In the past, the party that held the White House was able to nominate regulators to the FCC and other regulatory agencies that reflected the philosophies of their political party. That’s been a given in Washington DC, and agencies like the FCC have bounced back and forth between different concepts of what it means to regulate according to which party controlled the White House.
But I think the failure to approve Sohn breaks the historical convention that lets the political party in power decide who to add as regulators. I predict this will not end with this failed nomination. Unless the Senate gets a larger majority for one of the parties, I have a hard time seeing any Senate that is going to approve a fifth FCC Commissioner. If Republicans win the next presidential race, their nominee for the fifth Commissioner slot will also likely have no chance of getting approved.
The primary reason for this is that votes for an FCC Commissioner are no longer purely along party lines. The large ISPs and broadcasters make huge contributions to Senators for the very purpose of influencing this kind of issue. That’s not to say that there will never be a fifth Commissioner, but rejecting this nomination means it’s going to be a lot harder in the future to seat FCC Commissioners who embrace the position of the political party in power, like was done by Ajit Pai and likely would have been done by Gigi Sohn.
I think we’re now seeing the textbook example of regulatory capture. That’s an economic principle that describes a situation where regulatory agencies are dominated by the industries they are supposed to be regulating. Economic theory says that it’s necessary to regulate any industry where a handful of large players control the market. Good regulation is not opposed to the large corporations being regulated but should strike a balance between what’s good for the industry and what’s good for the public. In a perfectly regulated industry, both the industry and the public should be miffed at regulators for not fully supporting their issues.

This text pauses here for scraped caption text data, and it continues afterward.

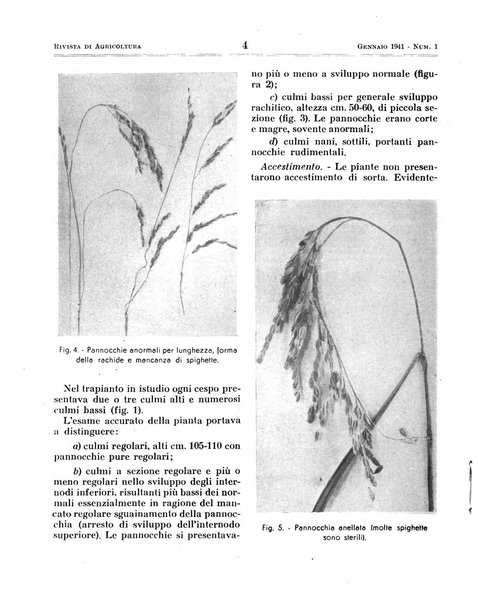 Rivista di agricoltura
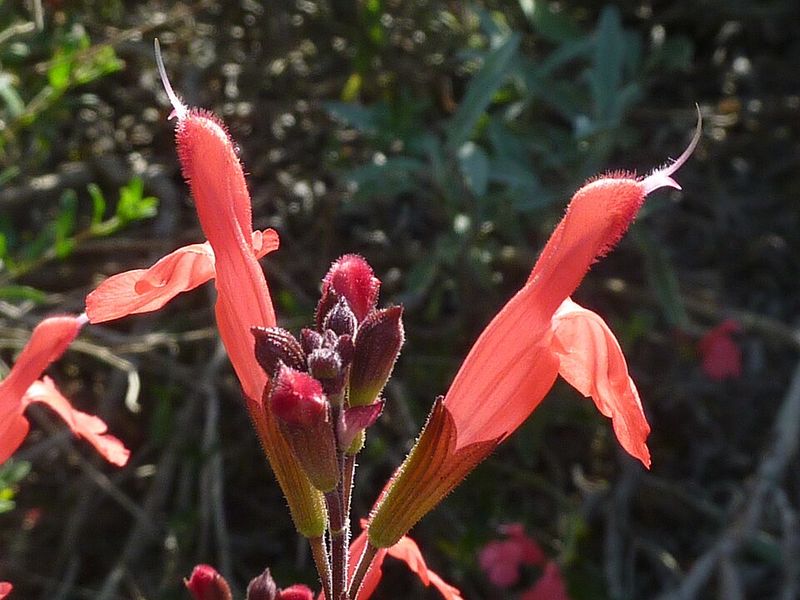Autumn Sage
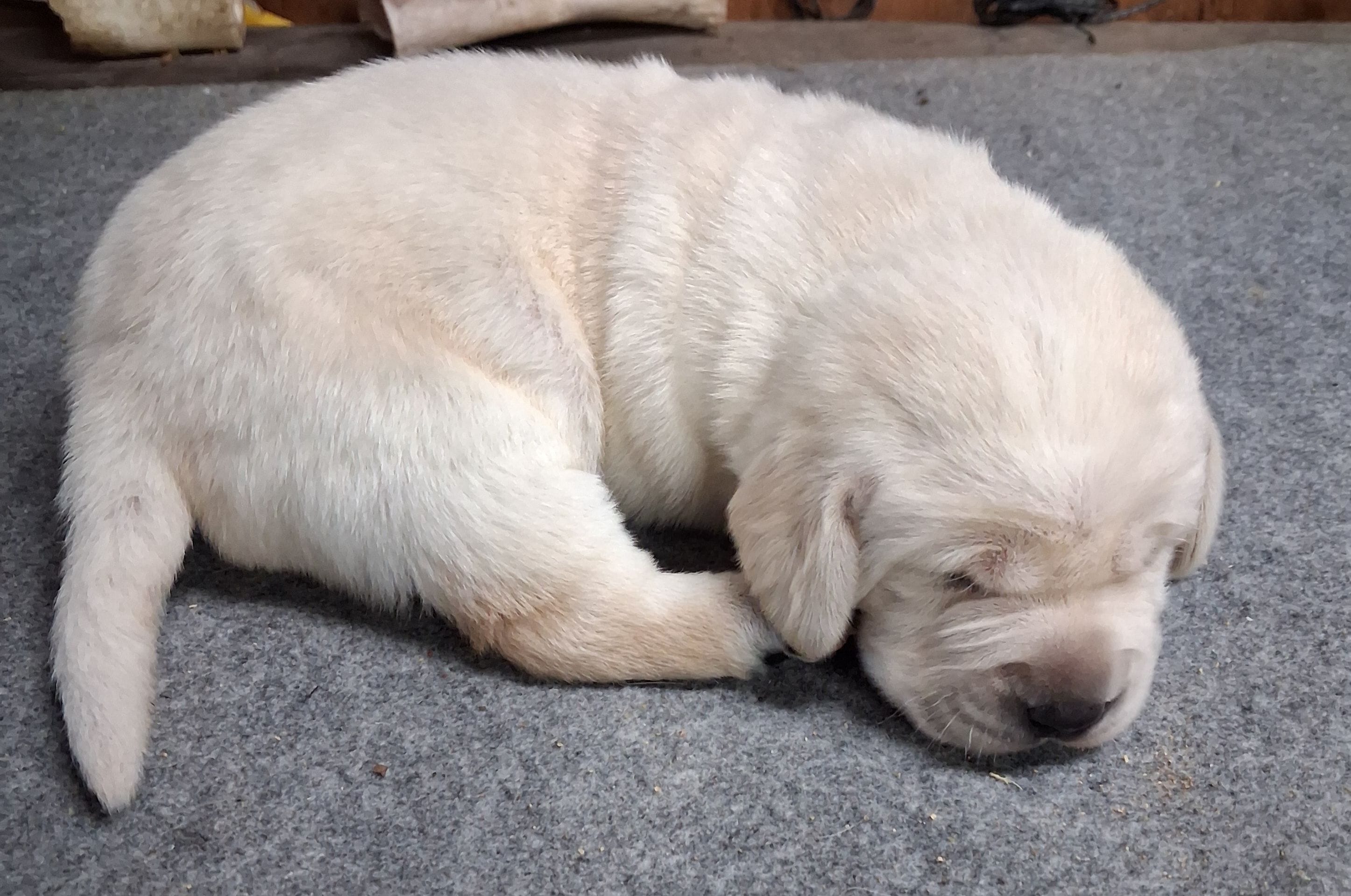 Hickory – Labrador Retriever puppy for sale in Coulterville, IL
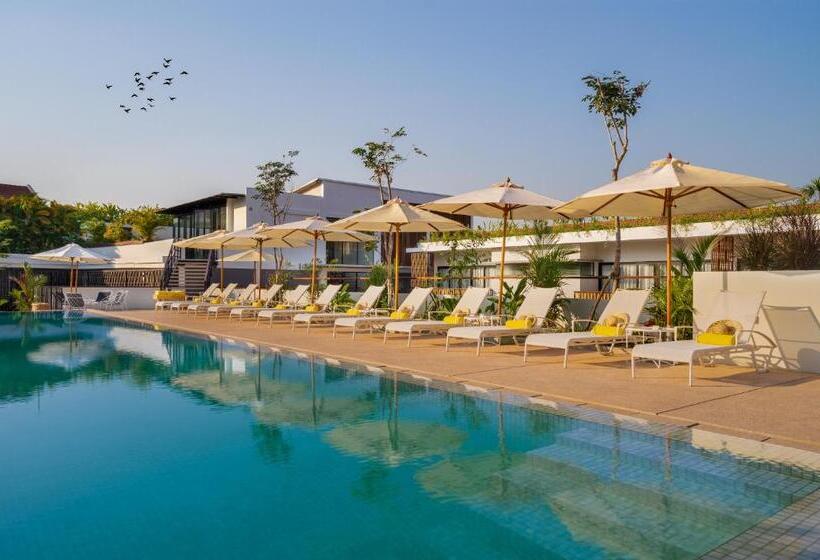 Отель The Aviary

The concept of regulatory capture was proposed in the 1970s by George Stigler, a Nobel prize-winning economist. He outlined the characteristics of regulatory capture that describes the broadband industry to a tee.
- Regulated industries devote a large budget to influence regulators at the federal, state, and local levels. It’s typical that citizens don’t have the wherewithal to effectively lobby the public’s side of issues.

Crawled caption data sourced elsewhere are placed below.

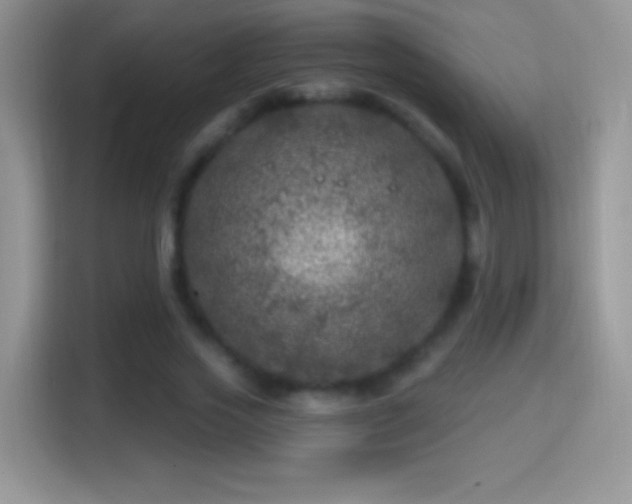 X0000116010733200911251120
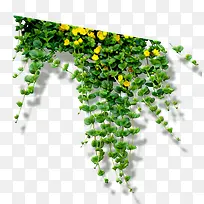 植物-空若网 植物-空若网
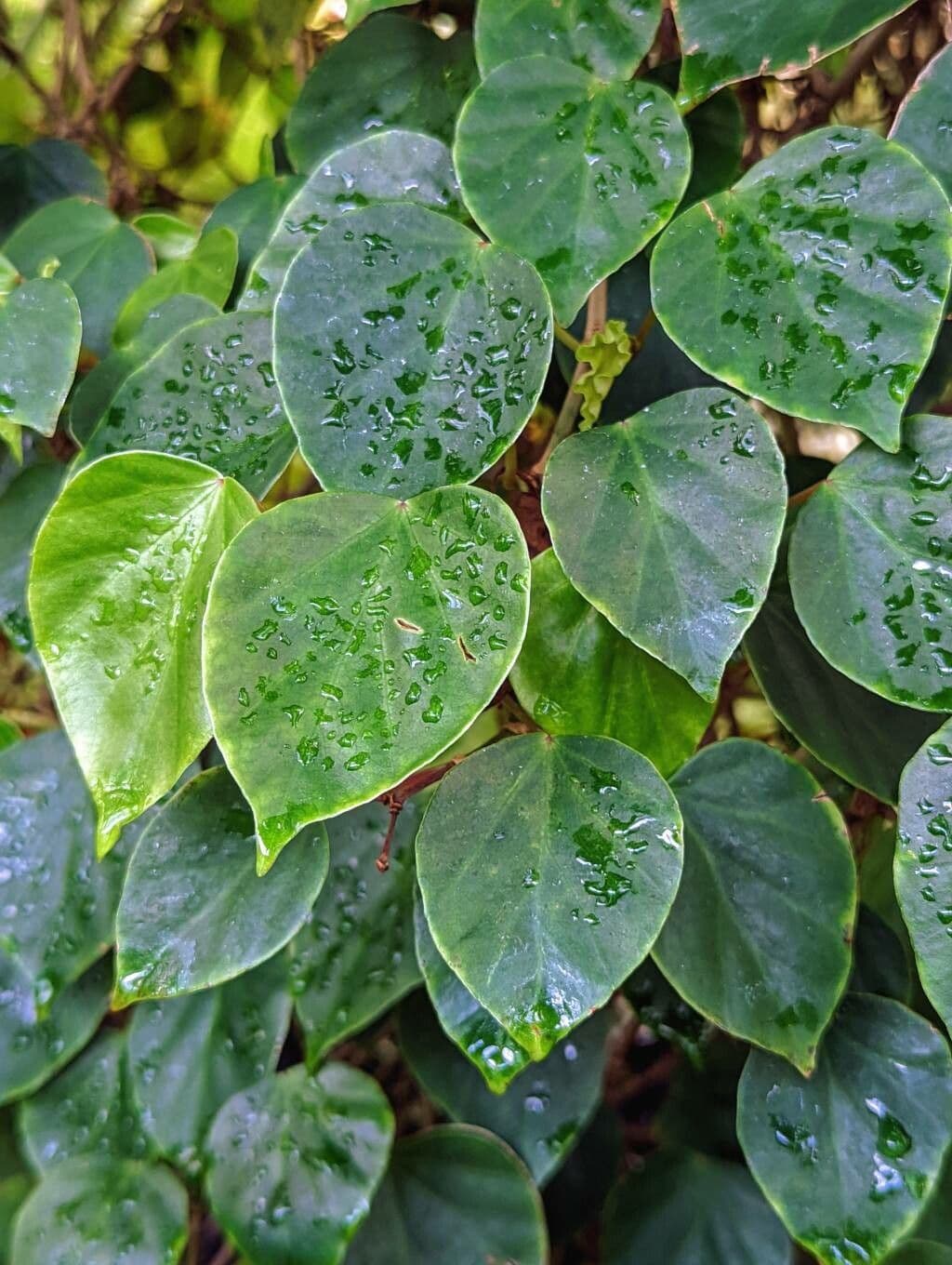 Begonia 9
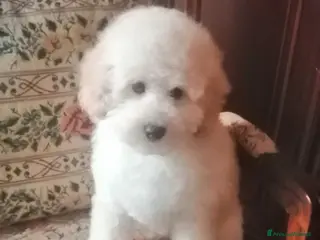 Barboncino Toy cani Barboncini Toy Bianco Maschio Cucciolo - Annuncio 1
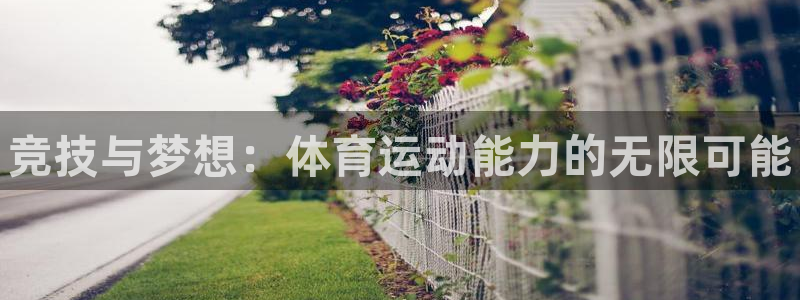 MK体育官方正版app官网：竞技与梦想：体育运动能力的无限可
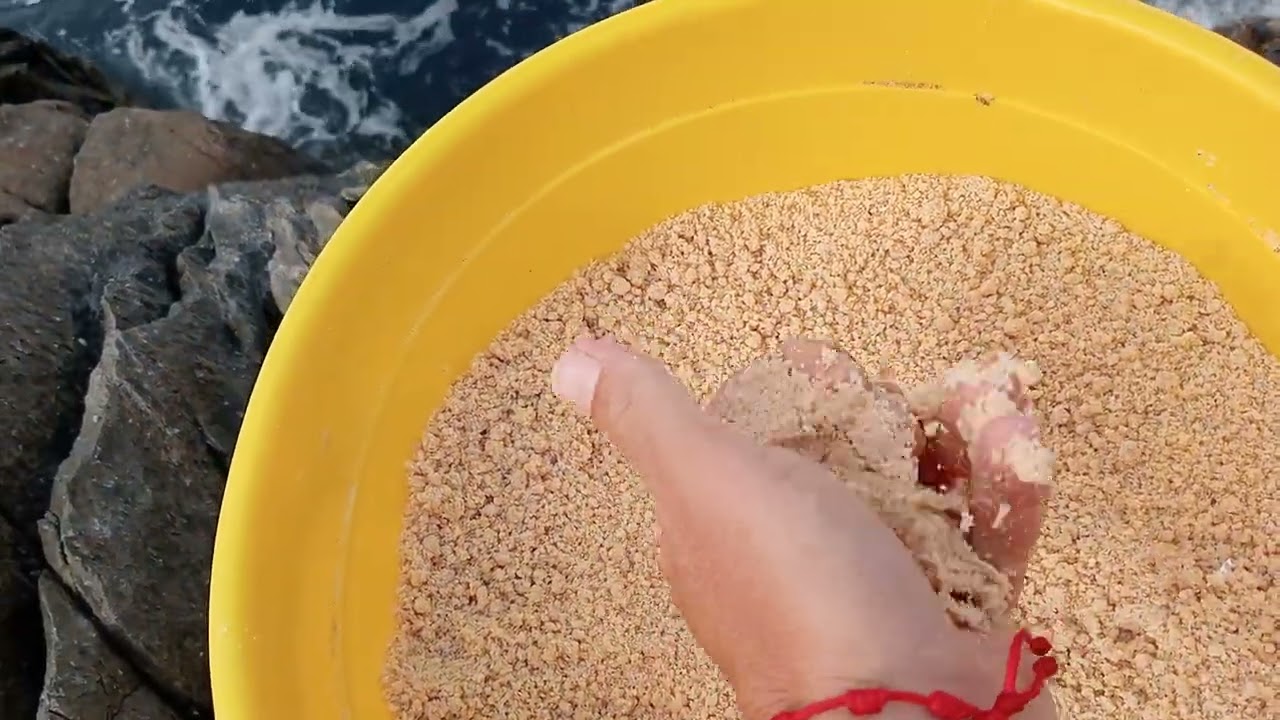 engodo tubertini de 3k de queso ideal para palometas, galanas y sargos.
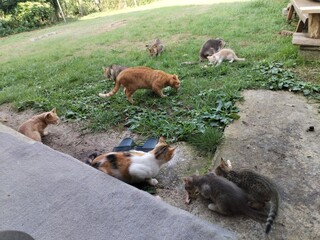 tiny blue eyed kittens photo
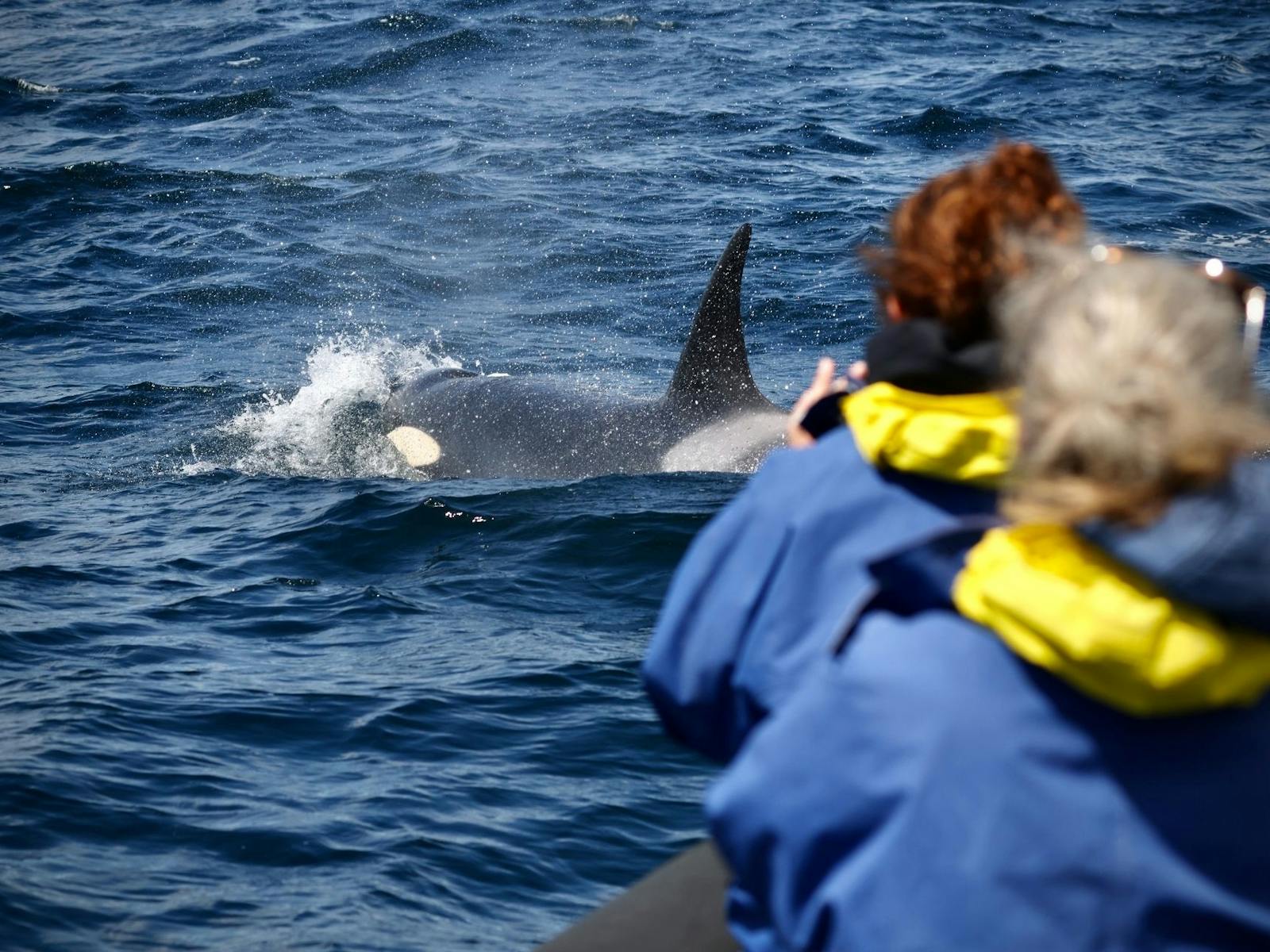 Two boat tour passengers photographing Orca next to the boat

- Regulators tend to come from the regulated industry, and they tend to take advantage of the revolving door to return to industry at the end of their stint as a regulator.

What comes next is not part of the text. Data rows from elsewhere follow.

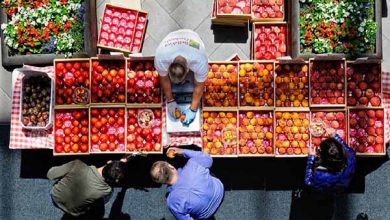 مدیریت واحد زنجیره ارزش راهکار تنظیم بازار محصولات کشاورزی است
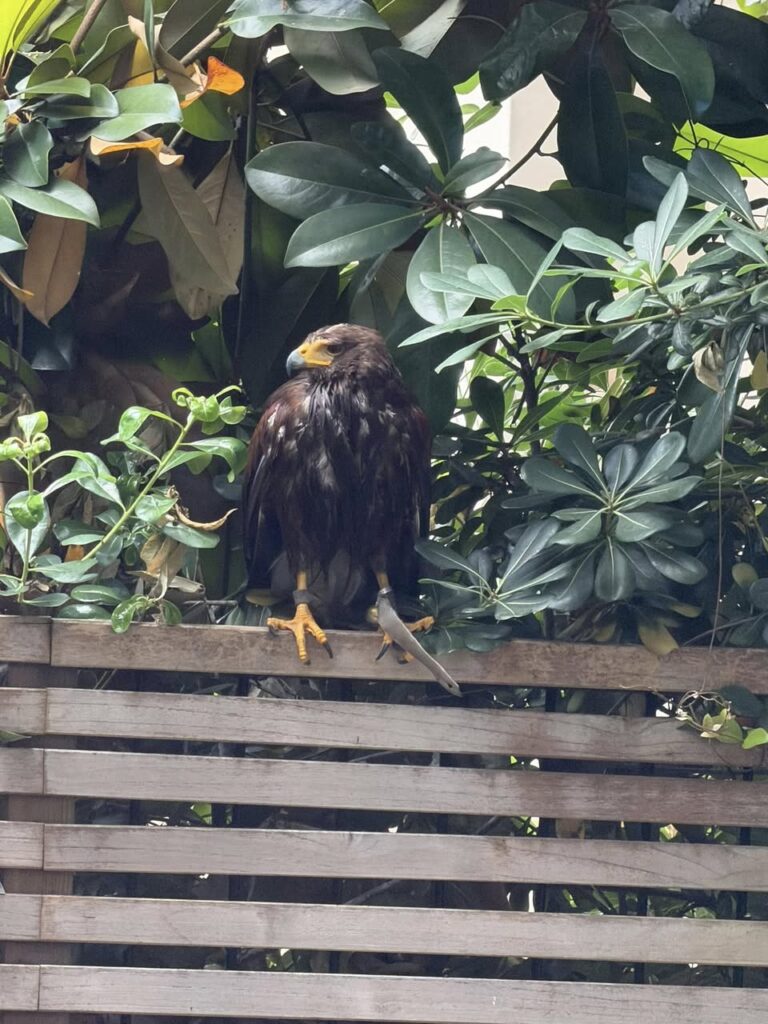 Giallo a Roma sud: un rapace "da falconiere" spunta nei giardini privati. È caccia al proprietario 2 Giallo a Roma sud: un rapace "da falconiere" spunta nei giardini privati. È caccia al proprietario 2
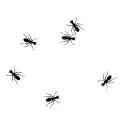 black ants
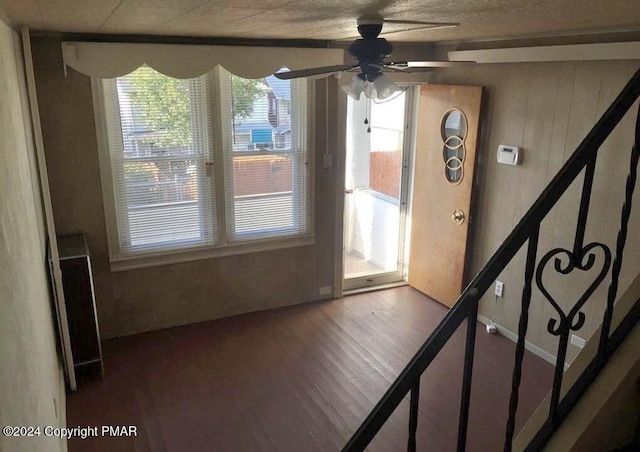 entryway featuring wood finished floors, a ceiling fan, and a healthy amount of sunlight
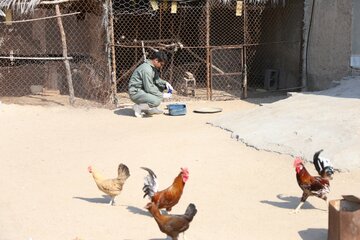 پایش حیوانات خانگی روستای پاتل ایسین توسط دامپزشکی هرمزگان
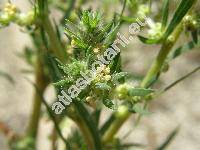 Kochia scoparia subsp. densiflora (Kochia scoparia (L.) Schrad., Chenopodium scoparia L., Bassia)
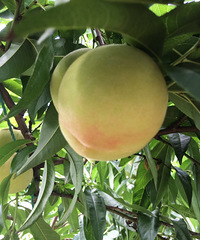 ¥�������ӿ���ժ��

- In the extreme cases of regulatory capture, the incumbents are deregulated from any onerous regulations while new market entrants must jump through high hoops.
The FCC is a textbook example of a captured regulator. The FCC under Ajit Pai went so far as to deregulate broadband and to wash the FCC’s hands of broadband as much as possible by theoretically passing the little remaining regulation to the FTC. It’s hard to imagine an FCC more under the sway of the broadband industry than the last one.
There is no real fix for regulatory capture other than a loud public outcry to bring back strong regulation. But that’s never going to happen when regulatory capture is so complete so that it’s impossible to even seat a fifth Commissioner.